My View: Limit lawmaker use of emergency clause

Letter date: 
Tuesday, June 21, 2016
Letter publisher: 
PortlandTribune
Letter author: 
Richard F. LaMountain
Letter body: 

During the presidential primary season, Bernie Sanders and Donald Trump attacked their parties’ nominating processes as rigged against rank-and-file citizens.

For sheer voter disenfranchisement, however, those processes have nothing on Oregon legislators’ abuse of the “emergency clause” — an abuse Oregonians soon may get a chance to end.

What is the emergency clause? It is wording in a bill that can make the bill effective immediately upon its approval by the House, Senate and governor. Without such a clause, a bill becomes law no earlier than 90 days from the end of the legislative session in which it was approved.

In Oregon’s system of direct democracy, those 90 days are crucial. If a group of citizens opposes a recently approved bill and wants to rally fellow Oregonians to scuttle it before it becomes law, that group must, within those 90 days, collect a constitutionally stipulated number of registered voters’ signatures (equal to 4 percent of votes cast for governor in the last election). If the group does so, the bill is put before voters for an up-or-down vote — what’s known as a referendum — in the next general election.

When, however, lawmakers approve a bill containing an emergency clause and it takes effect immediately, they foreclose citizens’ right to pursue a referendum. 

Now, in a true emergency, the clause can serve a valid purpose — say, to swiftly allot money to mitigate a natural disaster. Sometimes, however, lawmakers employ the clause to a less noble end: to shield from challenge a bill they know is controversial or unpopular and that, if put to referendum, many Oregonians may vote against and possibly defeat.

Consider, for instance, the 2015 session’s Senate Bill 932, which granted illegal-immigrant college students the right to compete with U.S. citizens for taxpayer-funded Oregon Opportunity Grant scholarships. Last summer, the bill was passed by the Legislature and signed by the governor — and it contained an emergency clause.

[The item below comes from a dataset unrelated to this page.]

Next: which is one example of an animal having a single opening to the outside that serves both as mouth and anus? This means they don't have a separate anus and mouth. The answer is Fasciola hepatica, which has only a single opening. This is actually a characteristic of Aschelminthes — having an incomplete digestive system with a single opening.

Now, the bill’s sponsors certainly knew it would be opposed by many Oregonians. The reason: Barely half a year before, in a 2014 referendum, the state’s voters had defeated SB 833 — a bill approved in 2013 that had sought to grant driving privileges to illegal immigrants — by a near 2-1 margin. That vote had made clear Oregonians’ staunch disapproval of government-sponsored benefits for illegal immigrants. Is it not probable, then, that SB 932’s sponsors attached an emergency clause to the bill to deter what might have been a successful referendum against it?

This is hardly unfounded conjecture. No less an authority than Sen. Doug Whitsett, R-Klamath Falls, a longtime legislator who knows how politics is played, has stated bluntly that the primary purpose of many bills’ emergency clauses is to “block the constitutionally guaranteed right of the people to refer.” As the old saying goes: If something looks, walks and quacks like a duck, it’s probably a duck.

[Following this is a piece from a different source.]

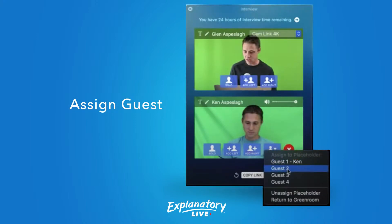When you assign a guest it gives you the option for guest one, guest two, guest three, guest four. There's also something new called a placeholder. You can also return them to the green room.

The bottom line: When legislators use the emergency clause to thwart potential referenda, they steal a critical means of government oversight and control from the very citizens they were elected to represent. Oregonians need to restore that clause to its proper, limited role in lawmaking.

An initiative petition is being circulated to do just that. If it reaches the November ballot and is passed by voters, the “No More Fake Emergencies” Act will require most bills containing emergency clauses to receive the votes of two-thirds (rather than the current bare majority) of both the House and Senate to pass — a threshold that would rein in lawmakers’ use of the clause to deter referenda.

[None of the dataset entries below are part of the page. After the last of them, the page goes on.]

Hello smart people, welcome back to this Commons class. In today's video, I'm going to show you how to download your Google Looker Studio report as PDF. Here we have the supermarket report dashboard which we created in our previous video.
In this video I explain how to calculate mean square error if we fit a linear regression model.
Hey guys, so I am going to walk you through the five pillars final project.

Registered voters should go to nofakeemergencies.com and print, sign and put a petition into the U.S. mail by June 29. By doing so, they can help restore the voice of the citizen, as manifested in the referendum, to its paramount place in Oregon’s representative democracy.

Richard F. LaMountain served as a chief petitioner of the 2014 referendum via which Oregon voters rejected Senate Bill 833, the 2013 bill that sought to grant “driver cards” to illegal immigrants. He lives in Cedar Mill.